How Deep Is Your Love…
Regular readers of my blog have probably noticed a distinct lack of activity over the last 6 months. The reason is very simple. The whole Microsoft UK Dynamics sales team (myself included) have been incredibly busy selling CRM into the Enterprise & Corporate market. Here in the UK we closed out our financial year at the end of June slightly over budget, with my own sector (Financial Service, which includes Banking, Insurance & Capital Markets customers) 130% over budget.
I have been in my current pre-sales role for a little over six years now (since CRM 3.0 was in beta in fact), and although I can’t divulge any names I can tell you that collectively, three of the biggest UK financial institutions now have almost 40,000 seats of Microsoft Dynamics CRM deployed. It is particularly gratifying since all of these organisations were existing Oracle & Salesforce.com customers, and yet we were able to come in and demonstrate some real differentiation to win the day.
I get asked quite often, how we are able to win these extremely large, strategic deals, and although the sales cycle is usually pretty lengthy (6-9 months typically), it really does come down to a few simple propositions, which I call the “Five Ps”.
- Productivity – The number one reason every time is the power of a fully integrated CRM capability in the number one business productivity tool. Although I get a little bored of demoing the CRM for Outlook features at almost every customer meeting I go to, it never ceases to amaze me how profound an impact this has on the day-to-day effectiveness of business folks using CRM. Yes, I know that you really mustn’t use the minimum desktop spec if you actually want to get work done, but take a fairly up-to-date machine with dual-core processor and 4GB of RAM (most hardware from the last 4 years meets this spec.), running Windows 7 and IE8 (or even better IE9), and you have the ultimate Line of Business tool.

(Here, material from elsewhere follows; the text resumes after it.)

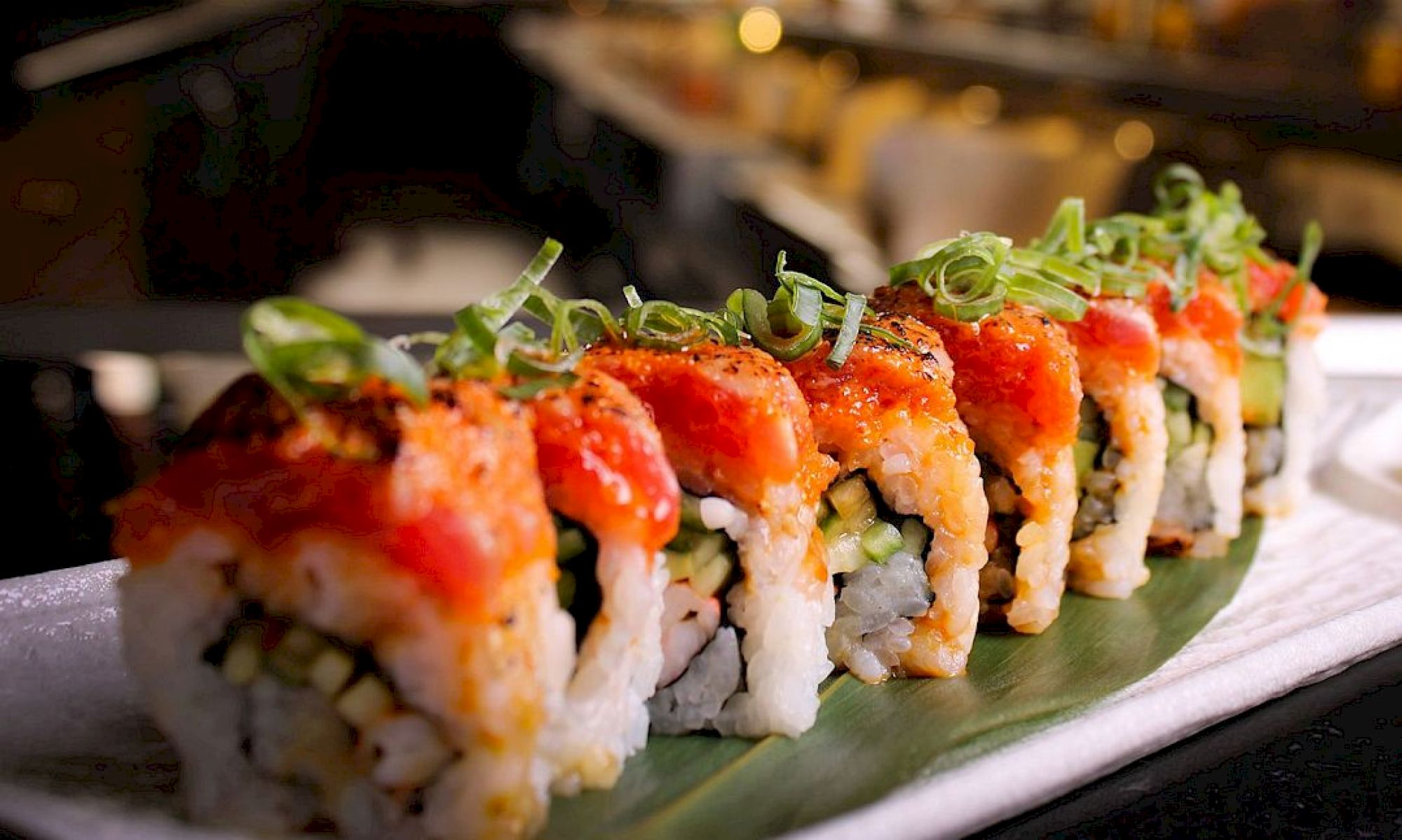 The image shows a sushi roll topped with a red sauce and green garnishes, neatly arranged on a leaf-lined plate in a restaurant setting.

- Products – I usually joke with my team that I can pretty much walk into a customer, take a look at what Microsoft software they have/haven’t deployed, then predict with a high degree of accuracy if they are likely to purchase Microsoft Dynamics CRM. Although we would like every company to use our product, the truth is we have made some strategic bets on other Microsoft technologies (Office, SharePoint, Lync, SQL, Exchange, Active Directory etc.) so that we don’t have to build those capabilities ourselves. For customers who choose not to invest in the rest of our stack, selling CRM is an order of magnitude more difficult. Conversely, the more of these products a customer has, the more compelling the argument “Why Wouldn’t You Buy Microsoft Dynamics CRM?”.
- Price – Even though prices in the UK went up on July 1st to make up for the ever-changing Sterling/EURO exchange rates caused, in part, by devaluation quantitative easing by the Bank of England (p.s. that is my personal opinion and not that of my employer etc., blah, blah, blah…), but even so, we’re still “as-cheap-as-chips” when compared with Oracle & Salesforce.com. Even the biggest financial services companies in the world like a bargain.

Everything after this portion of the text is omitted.